▶ _Your assignment_: Set down, exactly and with no pictures, the line that contains "Sandalwood Western Knee High Boots" and all lines after it in the listing.

▶ _Given information_:

------------------------

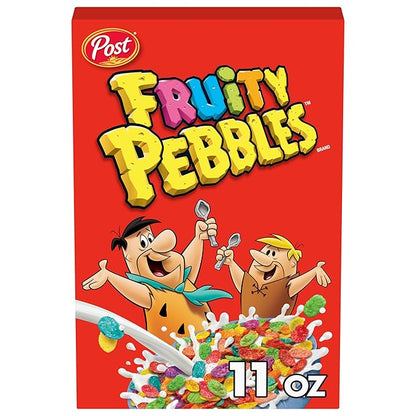 Fruity PEBBLES gluten free breakfast cereal 11 oz box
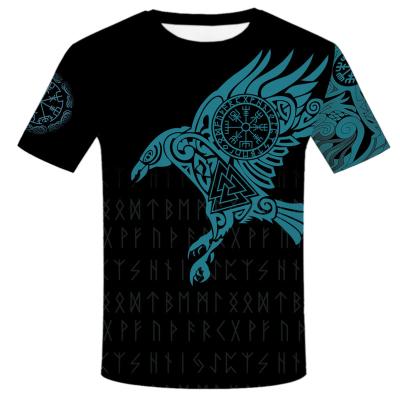 China 2021 Other New Summer Fashion Odin Viking Tattoo T-shirt Men 3D Printed Casual Funny Harajuku Streetwear Tee Tops for sale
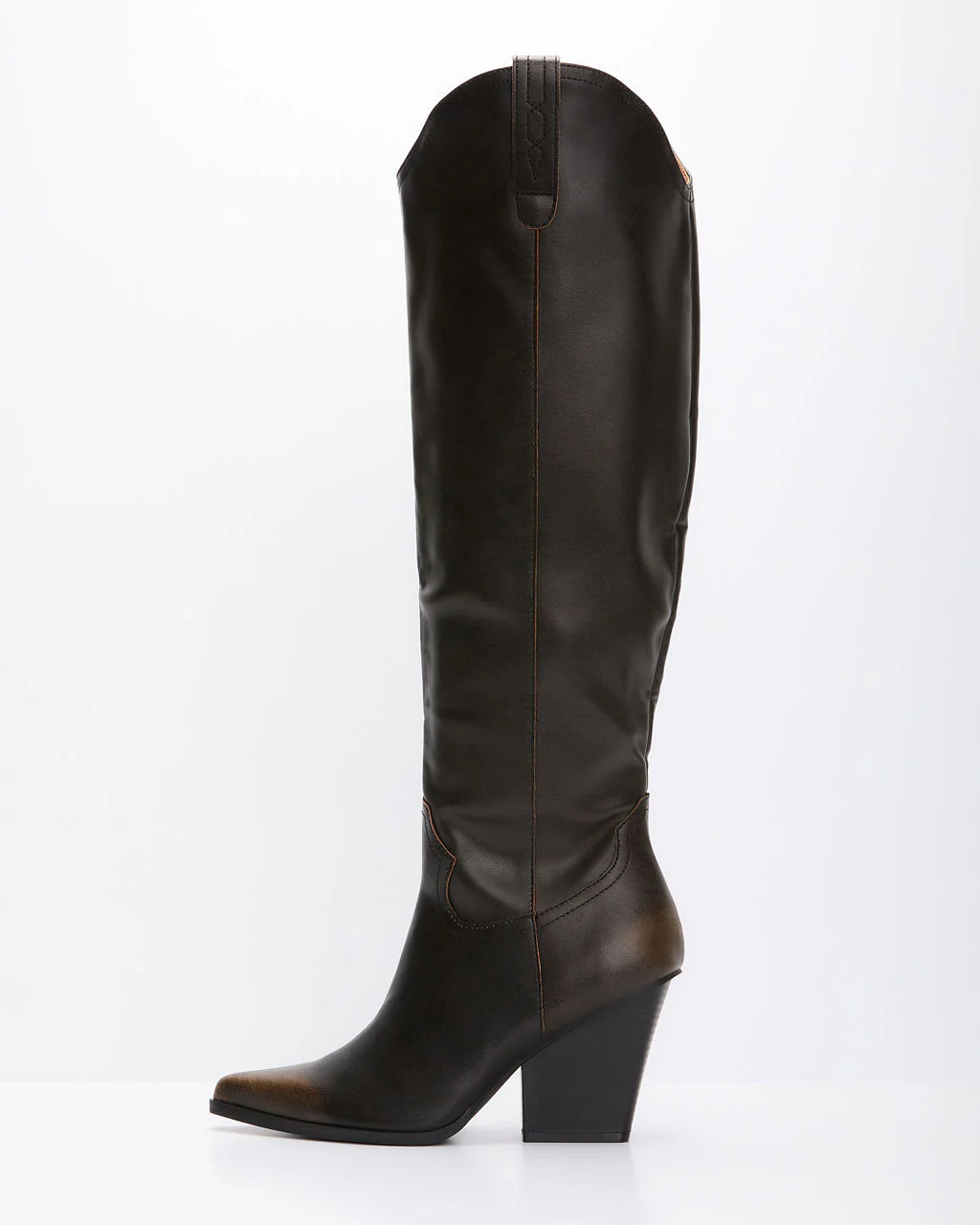 Sandalwood Western Knee High Boots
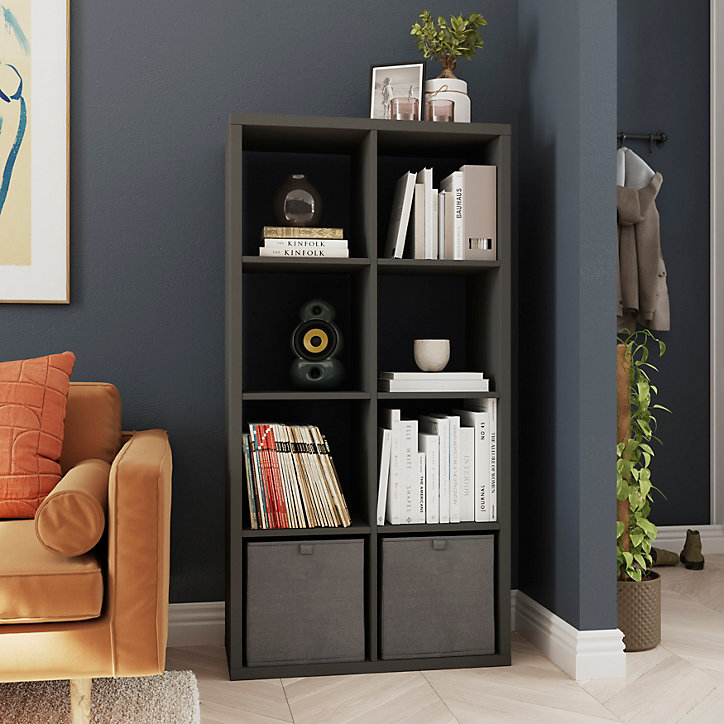 Tablette pour étagère cube GoodHome Mixxit anthracite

------------------------

▶ _Response below_:
 Sandalwood Western Knee High Boots
 Tablette pour étagère cube GoodHome Mixxit anthracite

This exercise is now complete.